Man sagt, Gegensätze zögen sich an, wozu ich bestätigend sagen darf: Meine
Freundin C. kann mit Mühe Wasser kochen, während ich schon ganze Tage
meines Lebens mit den Vorbereitungen für zwölfgängige Thanksgiving-Menüs
verbracht habe. Sie behauptet auch, sie bekäme nie mit, was um sie herum
vorgeht, wohingegen ich wie ein Schwamm noch jede Mikro-Botschaft aus der
Außenwelt aufsauge.
So jedenfalls muss es zu erklären sein, dass ich neulich unterhalb des
nahezu vollständig heruntergezogenen Rollladens vor einem Imbiss eine
Mitteilung entdeckte, die aufgrund ihrer Bordsteinnähe eigentlich nur für
Hunde oder Liegende gedacht gewesen sein kann: „Green’s geschlossen bis Mo
15. 7. 2013 – Im Alter werd mann knackig mal knacks da und mal dort – Es
ist so weit bei mir bin krank – Aber Ab Mo wieder gesund. – Danke für’s
Verstendness Eure ABDULL“. Zwischen die Zeilen hatte ein offenbar
mitfühlender Stammkunde „Gute Besserung“ gekritzelt.

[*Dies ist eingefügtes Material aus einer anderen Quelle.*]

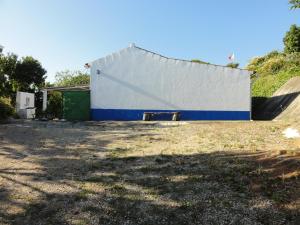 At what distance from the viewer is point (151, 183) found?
787 cm

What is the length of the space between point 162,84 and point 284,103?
955cm

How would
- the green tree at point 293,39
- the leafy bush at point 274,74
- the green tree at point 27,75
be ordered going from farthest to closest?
1. the green tree at point 27,75
2. the green tree at point 293,39
3. the leafy bush at point 274,74

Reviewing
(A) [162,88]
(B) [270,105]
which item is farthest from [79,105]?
(B) [270,105]

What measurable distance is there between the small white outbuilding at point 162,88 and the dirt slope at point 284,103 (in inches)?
81.1

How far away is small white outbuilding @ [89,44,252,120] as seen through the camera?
26.3 meters

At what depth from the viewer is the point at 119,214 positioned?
6.34m

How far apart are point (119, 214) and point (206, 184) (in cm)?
221

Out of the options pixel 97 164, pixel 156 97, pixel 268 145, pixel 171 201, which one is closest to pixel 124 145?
pixel 97 164

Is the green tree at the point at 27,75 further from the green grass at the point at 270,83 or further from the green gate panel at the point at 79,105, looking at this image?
the green grass at the point at 270,83

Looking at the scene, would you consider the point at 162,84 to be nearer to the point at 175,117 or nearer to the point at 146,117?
the point at 175,117

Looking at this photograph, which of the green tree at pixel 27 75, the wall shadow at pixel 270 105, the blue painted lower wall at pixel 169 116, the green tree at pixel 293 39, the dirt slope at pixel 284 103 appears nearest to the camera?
the dirt slope at pixel 284 103

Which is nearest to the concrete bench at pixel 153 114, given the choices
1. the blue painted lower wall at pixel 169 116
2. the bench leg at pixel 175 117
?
the bench leg at pixel 175 117

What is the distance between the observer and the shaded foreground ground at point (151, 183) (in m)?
6.19

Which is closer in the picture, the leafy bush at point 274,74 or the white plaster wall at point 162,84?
the white plaster wall at point 162,84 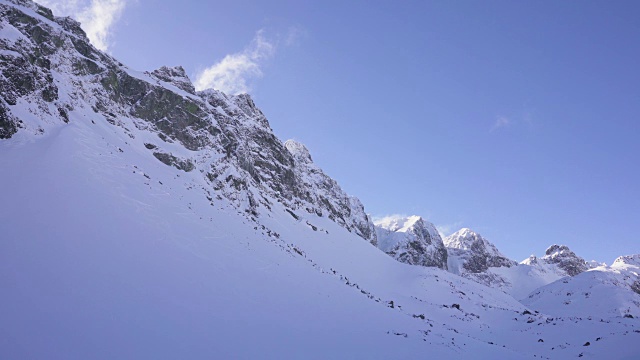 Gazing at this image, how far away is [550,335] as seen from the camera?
3241cm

Nachdem ich eine Weile über Abdulls Botschaft gegrübelt hatte, kam ich zu
folgendem Ergebnis: Sollte die Aufmerksamkeit der Männerwelt gegenüber
einer attraktiven Frau in den besten Jahren ein Indiz sein, so kann hiermit
bestätigt werden, dass ich mit zunehmendem Alter knackiger werde.

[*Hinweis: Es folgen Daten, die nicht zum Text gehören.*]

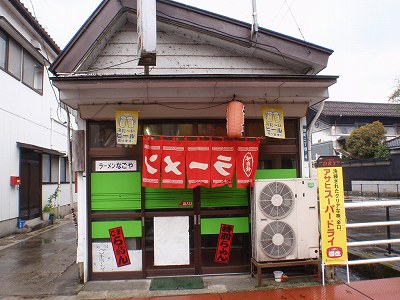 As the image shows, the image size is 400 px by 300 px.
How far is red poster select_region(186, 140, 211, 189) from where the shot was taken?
273 inches

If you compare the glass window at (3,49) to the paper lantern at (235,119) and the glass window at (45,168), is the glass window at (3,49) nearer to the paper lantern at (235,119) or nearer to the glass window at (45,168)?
the glass window at (45,168)

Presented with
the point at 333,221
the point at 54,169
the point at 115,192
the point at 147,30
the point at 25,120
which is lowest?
the point at 333,221

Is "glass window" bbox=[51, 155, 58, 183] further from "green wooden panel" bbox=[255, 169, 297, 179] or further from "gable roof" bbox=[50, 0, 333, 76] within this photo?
"green wooden panel" bbox=[255, 169, 297, 179]

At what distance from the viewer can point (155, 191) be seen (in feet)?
24.2

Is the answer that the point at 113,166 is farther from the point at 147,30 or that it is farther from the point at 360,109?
the point at 360,109

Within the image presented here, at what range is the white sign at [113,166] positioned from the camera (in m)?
7.38

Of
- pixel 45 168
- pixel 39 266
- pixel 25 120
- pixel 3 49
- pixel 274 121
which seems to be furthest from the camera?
pixel 45 168

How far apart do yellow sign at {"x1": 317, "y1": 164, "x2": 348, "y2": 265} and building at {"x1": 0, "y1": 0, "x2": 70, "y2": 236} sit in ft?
38.0

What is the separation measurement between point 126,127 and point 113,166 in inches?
37.6

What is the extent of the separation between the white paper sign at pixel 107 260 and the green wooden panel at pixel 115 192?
0.81m

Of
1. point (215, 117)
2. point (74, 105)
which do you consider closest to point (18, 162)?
point (74, 105)

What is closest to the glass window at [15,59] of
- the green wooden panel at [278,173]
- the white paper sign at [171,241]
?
the white paper sign at [171,241]

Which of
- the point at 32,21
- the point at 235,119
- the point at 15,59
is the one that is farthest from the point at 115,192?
the point at 32,21

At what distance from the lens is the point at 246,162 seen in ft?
23.4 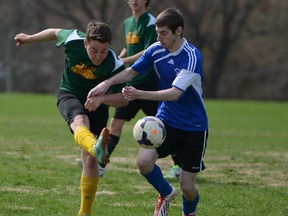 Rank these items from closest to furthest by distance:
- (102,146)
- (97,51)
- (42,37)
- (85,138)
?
(102,146) → (85,138) → (97,51) → (42,37)

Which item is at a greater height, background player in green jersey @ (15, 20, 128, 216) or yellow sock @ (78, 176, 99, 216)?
background player in green jersey @ (15, 20, 128, 216)

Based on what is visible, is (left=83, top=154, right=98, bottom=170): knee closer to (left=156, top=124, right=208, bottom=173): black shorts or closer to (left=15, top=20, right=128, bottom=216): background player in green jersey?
(left=15, top=20, right=128, bottom=216): background player in green jersey

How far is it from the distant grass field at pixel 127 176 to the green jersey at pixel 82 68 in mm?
1055

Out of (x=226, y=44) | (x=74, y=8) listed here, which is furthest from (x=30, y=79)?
(x=226, y=44)

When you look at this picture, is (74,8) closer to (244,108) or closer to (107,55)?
(244,108)

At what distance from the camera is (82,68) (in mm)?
6062

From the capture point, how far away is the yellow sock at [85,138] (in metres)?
5.29

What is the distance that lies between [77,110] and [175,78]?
82 centimetres

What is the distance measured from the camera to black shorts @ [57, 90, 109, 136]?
5.86 metres

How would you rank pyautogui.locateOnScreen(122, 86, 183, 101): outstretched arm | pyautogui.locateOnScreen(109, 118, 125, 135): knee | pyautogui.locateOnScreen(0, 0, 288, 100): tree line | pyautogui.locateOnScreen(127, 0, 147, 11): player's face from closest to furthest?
pyautogui.locateOnScreen(122, 86, 183, 101): outstretched arm, pyautogui.locateOnScreen(127, 0, 147, 11): player's face, pyautogui.locateOnScreen(109, 118, 125, 135): knee, pyautogui.locateOnScreen(0, 0, 288, 100): tree line

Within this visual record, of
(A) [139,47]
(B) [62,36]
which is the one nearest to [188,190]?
(B) [62,36]

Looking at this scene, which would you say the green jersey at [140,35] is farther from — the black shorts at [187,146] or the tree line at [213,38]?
the tree line at [213,38]

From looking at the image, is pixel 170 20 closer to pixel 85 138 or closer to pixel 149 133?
pixel 149 133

Allerdings nicht überall. Womit keineswegs Mängel in bestimmten
Körperregionen, sondern geografische Unterschiede gemeint sind.

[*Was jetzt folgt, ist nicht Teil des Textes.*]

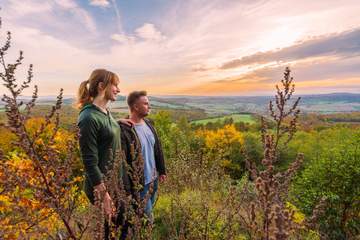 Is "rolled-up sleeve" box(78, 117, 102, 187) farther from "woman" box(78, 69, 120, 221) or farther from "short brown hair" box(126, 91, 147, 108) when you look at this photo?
"short brown hair" box(126, 91, 147, 108)

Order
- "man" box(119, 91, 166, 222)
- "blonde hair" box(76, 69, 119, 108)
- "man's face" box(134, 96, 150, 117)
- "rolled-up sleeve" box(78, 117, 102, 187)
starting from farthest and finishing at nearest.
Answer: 1. "man's face" box(134, 96, 150, 117)
2. "man" box(119, 91, 166, 222)
3. "blonde hair" box(76, 69, 119, 108)
4. "rolled-up sleeve" box(78, 117, 102, 187)

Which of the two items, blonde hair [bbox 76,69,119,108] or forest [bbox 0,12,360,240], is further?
blonde hair [bbox 76,69,119,108]

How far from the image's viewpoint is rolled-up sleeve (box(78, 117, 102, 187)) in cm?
302

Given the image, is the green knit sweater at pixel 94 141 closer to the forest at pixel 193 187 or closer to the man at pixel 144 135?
the forest at pixel 193 187

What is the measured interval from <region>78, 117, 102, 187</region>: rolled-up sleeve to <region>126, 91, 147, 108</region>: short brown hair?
123 cm

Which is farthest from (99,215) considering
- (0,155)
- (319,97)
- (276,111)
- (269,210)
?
(319,97)

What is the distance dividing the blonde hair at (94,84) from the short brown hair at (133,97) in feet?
2.75

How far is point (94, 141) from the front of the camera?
311 centimetres

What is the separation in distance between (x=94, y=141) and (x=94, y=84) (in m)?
0.64

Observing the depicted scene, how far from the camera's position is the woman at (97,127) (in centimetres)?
304

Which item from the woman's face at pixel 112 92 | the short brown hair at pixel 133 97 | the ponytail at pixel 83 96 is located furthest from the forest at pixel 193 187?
the short brown hair at pixel 133 97

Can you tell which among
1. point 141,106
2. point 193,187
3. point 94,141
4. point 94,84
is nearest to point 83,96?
point 94,84

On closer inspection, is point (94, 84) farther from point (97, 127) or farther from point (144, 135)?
point (144, 135)

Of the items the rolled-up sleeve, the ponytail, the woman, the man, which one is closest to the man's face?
the man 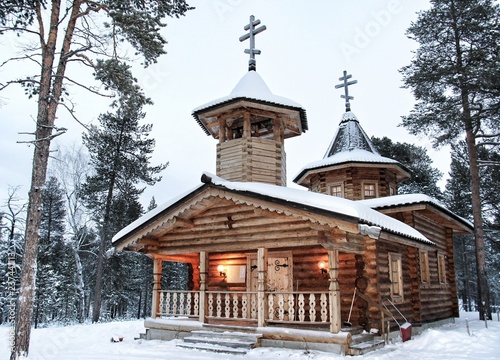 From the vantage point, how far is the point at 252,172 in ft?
49.3

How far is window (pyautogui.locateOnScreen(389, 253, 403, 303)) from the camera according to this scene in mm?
13977

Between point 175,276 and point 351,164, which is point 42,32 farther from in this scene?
point 175,276

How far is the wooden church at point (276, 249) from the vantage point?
1102cm

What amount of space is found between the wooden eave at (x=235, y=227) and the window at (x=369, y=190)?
818 cm

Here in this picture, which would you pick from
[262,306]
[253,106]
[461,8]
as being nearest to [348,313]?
[262,306]

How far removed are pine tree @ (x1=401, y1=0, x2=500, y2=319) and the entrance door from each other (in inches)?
428

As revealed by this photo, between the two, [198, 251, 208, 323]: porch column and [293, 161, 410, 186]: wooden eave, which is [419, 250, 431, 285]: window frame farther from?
[198, 251, 208, 323]: porch column

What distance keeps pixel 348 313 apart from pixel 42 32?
1209 centimetres

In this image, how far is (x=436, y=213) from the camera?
56.0ft

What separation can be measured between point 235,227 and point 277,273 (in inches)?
107

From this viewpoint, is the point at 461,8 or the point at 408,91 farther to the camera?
the point at 408,91

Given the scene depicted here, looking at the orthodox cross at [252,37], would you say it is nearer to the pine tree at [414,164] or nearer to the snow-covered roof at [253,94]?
the snow-covered roof at [253,94]

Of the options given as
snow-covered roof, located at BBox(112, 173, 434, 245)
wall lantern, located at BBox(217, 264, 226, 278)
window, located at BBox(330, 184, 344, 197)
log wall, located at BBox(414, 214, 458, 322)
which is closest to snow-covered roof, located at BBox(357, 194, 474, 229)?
log wall, located at BBox(414, 214, 458, 322)

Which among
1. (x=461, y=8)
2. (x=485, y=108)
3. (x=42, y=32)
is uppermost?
(x=461, y=8) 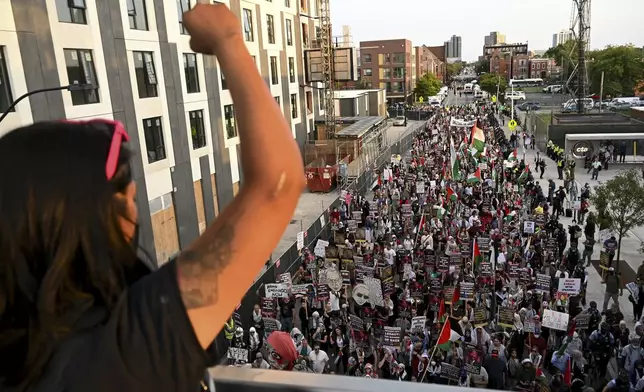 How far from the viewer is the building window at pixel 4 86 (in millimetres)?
10906

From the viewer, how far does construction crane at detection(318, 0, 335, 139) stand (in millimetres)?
32875

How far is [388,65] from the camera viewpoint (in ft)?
266

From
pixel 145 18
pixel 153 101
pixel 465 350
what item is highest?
pixel 145 18

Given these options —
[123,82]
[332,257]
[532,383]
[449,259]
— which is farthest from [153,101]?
[532,383]

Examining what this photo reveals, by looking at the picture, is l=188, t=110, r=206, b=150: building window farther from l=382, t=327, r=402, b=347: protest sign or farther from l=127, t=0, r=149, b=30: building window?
l=382, t=327, r=402, b=347: protest sign

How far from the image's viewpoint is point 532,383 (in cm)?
840

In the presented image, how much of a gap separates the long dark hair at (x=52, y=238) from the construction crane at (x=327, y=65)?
106 ft

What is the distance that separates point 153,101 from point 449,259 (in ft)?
31.0

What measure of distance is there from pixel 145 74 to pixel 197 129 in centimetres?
355

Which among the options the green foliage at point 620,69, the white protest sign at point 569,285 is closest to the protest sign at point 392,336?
the white protest sign at point 569,285

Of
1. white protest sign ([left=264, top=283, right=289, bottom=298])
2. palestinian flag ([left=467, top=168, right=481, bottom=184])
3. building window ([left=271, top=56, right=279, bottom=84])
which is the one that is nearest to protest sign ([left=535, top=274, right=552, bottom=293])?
white protest sign ([left=264, top=283, right=289, bottom=298])

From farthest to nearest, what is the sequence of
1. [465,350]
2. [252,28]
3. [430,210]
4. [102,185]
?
1. [252,28]
2. [430,210]
3. [465,350]
4. [102,185]

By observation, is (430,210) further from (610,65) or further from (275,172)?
(610,65)

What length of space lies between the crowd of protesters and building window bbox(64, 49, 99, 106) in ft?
20.9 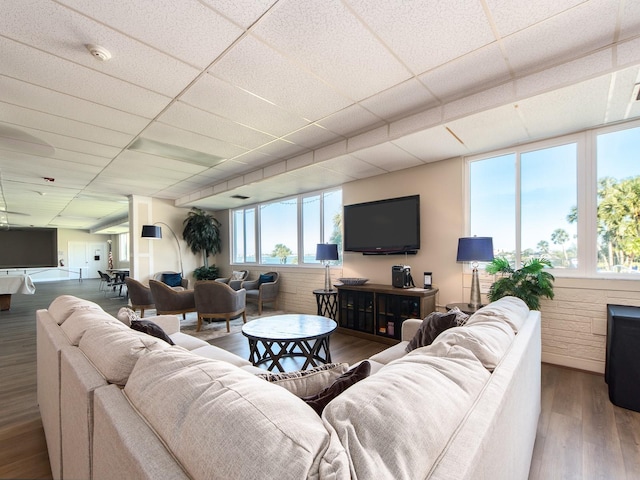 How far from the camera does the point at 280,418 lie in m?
0.65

Dazu muss erklärt werden, dass ich ein Jahr im Papa-Mama-Kind-Biotop des
Prenzlauer Bergs überlebt habe und jetzt nach einem Spontanumzug zutiefst
erleichtert bin, endlich im jahrzehntelang gut durchmarinierten alten
Berliner Westen angekommen zu sein. Die dort ansässigen Bewohner bilden
einen wilden Querschnitt sowohl durch die Generationen als auch durch die
im internationalen Prenzl-Völkchen weniger vertretenen Regionen der Welt
und repräsentieren damit eine Artenvielfalt, die zwischen mehr oder weniger
kultivierter Intelligenzija, Russenproll und Rolf Eden (knackig!) variiert.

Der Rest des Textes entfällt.